Mismatched prots: 860

Missing prots: 2743

Safe prots: 191

import pandas as pd
df_mm = pd.read_csv('mismatched_codes.csv', index_col=0)
df_m = pd.read_csv('missing_codes.csv', index_col=0)
df_s = pd.read_csv('safe_codes.csv', index_col=0)

Any missing input files? (a3m alignment file)

For missing prots we are only missing 1 MSA file

import os
from tqdm import tqdm
msa = lambda c: f'/cluster/projects/kumargroup/msa/output/{c}.msa.a3m'

no_msa = []
for code in df_mm.index:
    if not os.path.exists(msa(code)):
        no_msa.append(code)

from above: no_msa = ['4jmx']

For mismatched prots we are not missing any MSAs

For safe prots obviously we are not missing any MSAs...

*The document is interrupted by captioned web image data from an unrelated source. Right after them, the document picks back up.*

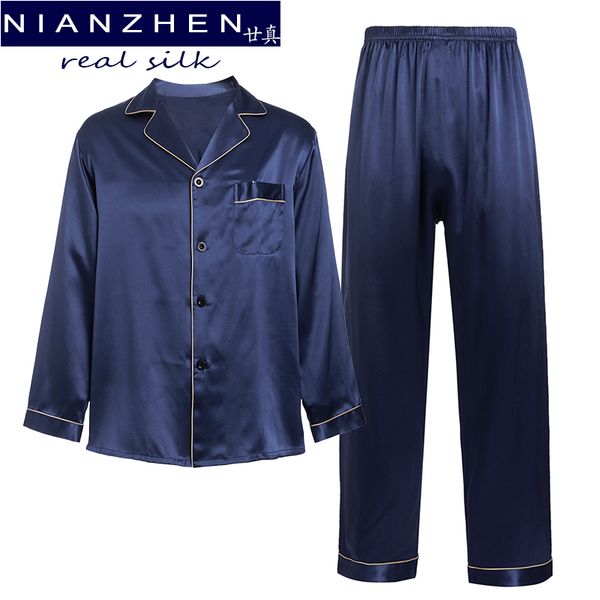 

men's sleepwear nianzhen 100% real natural silk 19 momme pajamas set solid shirt long pants sleepwear sets silk homewear for men 69002, Black;brown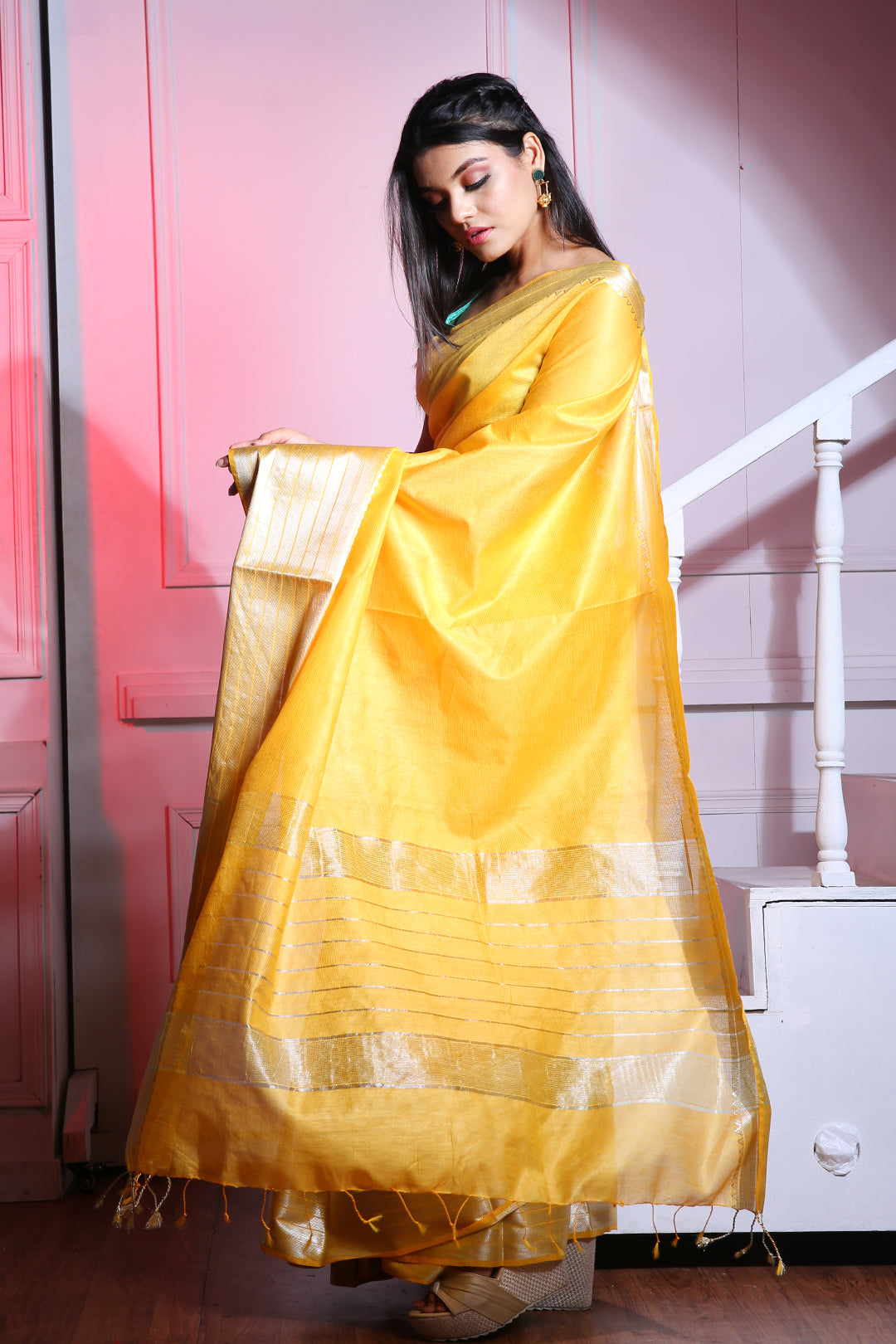 CHARUKRITI Yellow Blended Silk Saree with Temple Border and Unstitched Blouse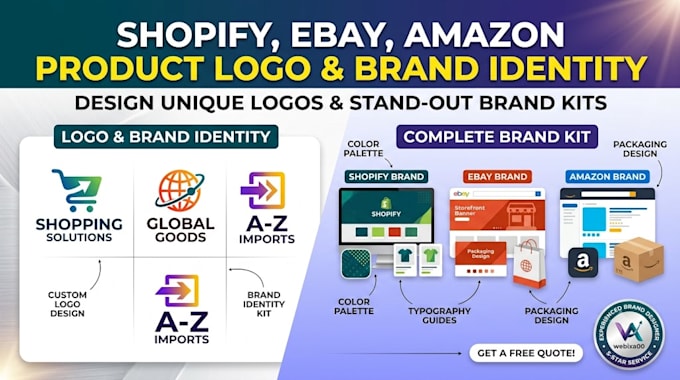 design luxury shopify, ebay, amazon product logo or brand identity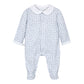 Blue Gingham Baby Footie w/Collar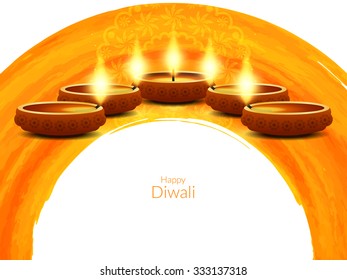 Elegant card design of traditional Indian festival Diwali.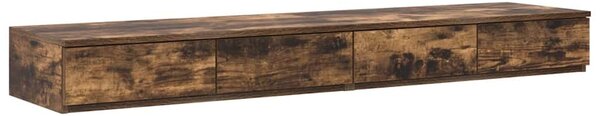 VidaXL Ágyfiókok fiókkal Füstölt tölgy 160 x 36.5 x 16.5 cm Faanyag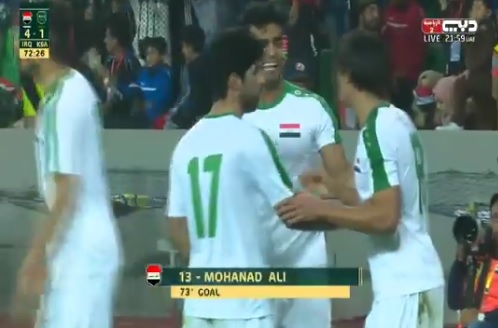 بالفيديو.. المنتخب العراقي يُعزز تقدمه على السعودية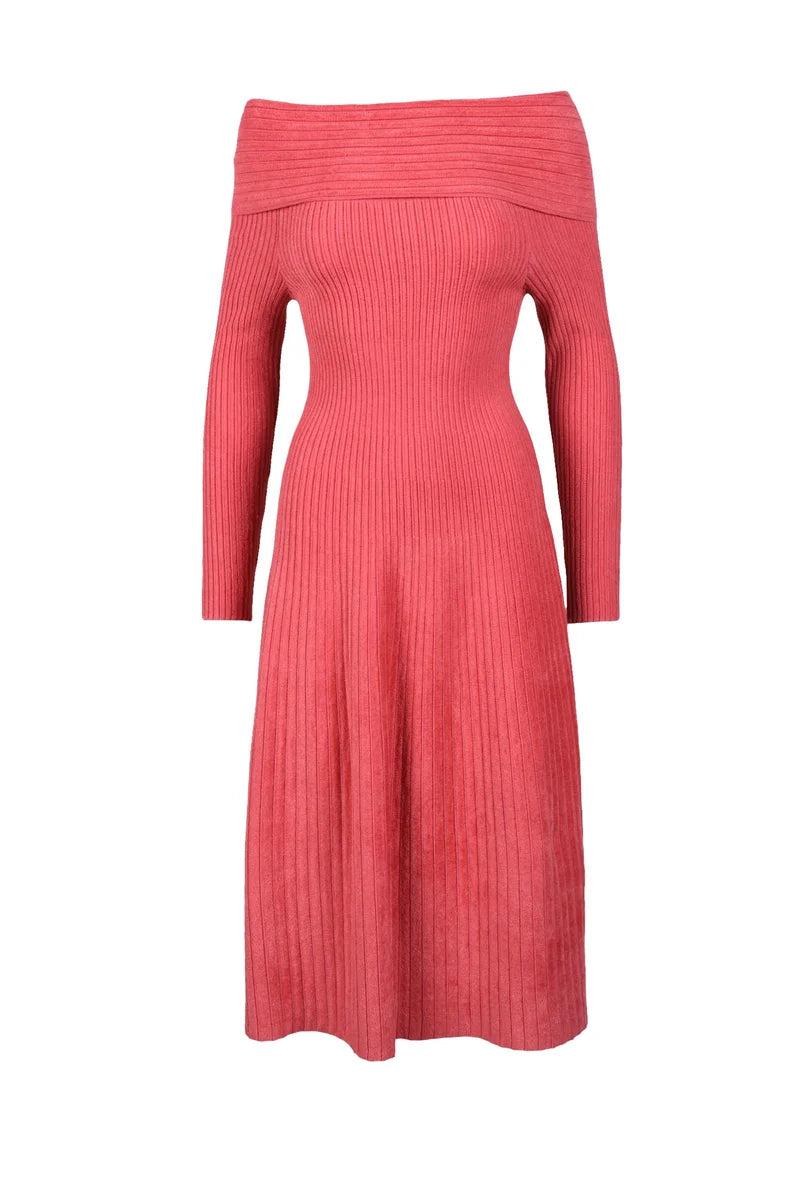 Long Chenille Dress - Red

jyaacoub commented 4 months ago

Moving and splitting msas into 10 parts

copy unique prots

# msa files are index by pdb code
import os, shutil
from tqdm import tqdm

df_mm = pd.read_csv('mismatched_codes_v2.csv', index_col=0)
df_m = pd.read_csv('missing_codes_v2.csv', index_col=0)

msa = lambda c: f'/cluster/projects/kumargroup/msa/output/{c}.msa.a3m'
codes = list(df_mm.index) + list(df_m.index)
out_dir = '/cluster/home/t122995uhn/projects/data/pdbbind/a3m_unique_prot/all/'

for code in tqdm(codes):
    fp = msa(code)
    out_p = f"{out_dir}/{code}.a3m"
    if code == "4jmx": continue
    shutil.copyfile(fp, out_p)

split into 10 parts

#!/bin/bash

# Number of splits provided as argument
num_splits=10

# Define the source directory containing your .a3m input files
src_dir="/cluster/home/t122995uhn/projects/data/pdbbind/a3m_unique_prot/all/"
ext=".a3m"
 # Get the parent directory of the source directory
parent_dir=$(dirname "$src_dir")

# Create an array to hold destination directories
declare -a dest_dirs=()

# Create destination directories based on the number of splits
for ((i=1; i<=$num_splits; i++)); do
    dest_dirs+=("$parent_dir/part$i/")
done

# Make sure the destination directories exist
for dir in "${dest_dirs[@]}"; do
    mkdir -p "$dir"
done

# Calculate the total number of files in the source directory
total_files=$(ls "$src_dir"/*"$ext" | wc -l)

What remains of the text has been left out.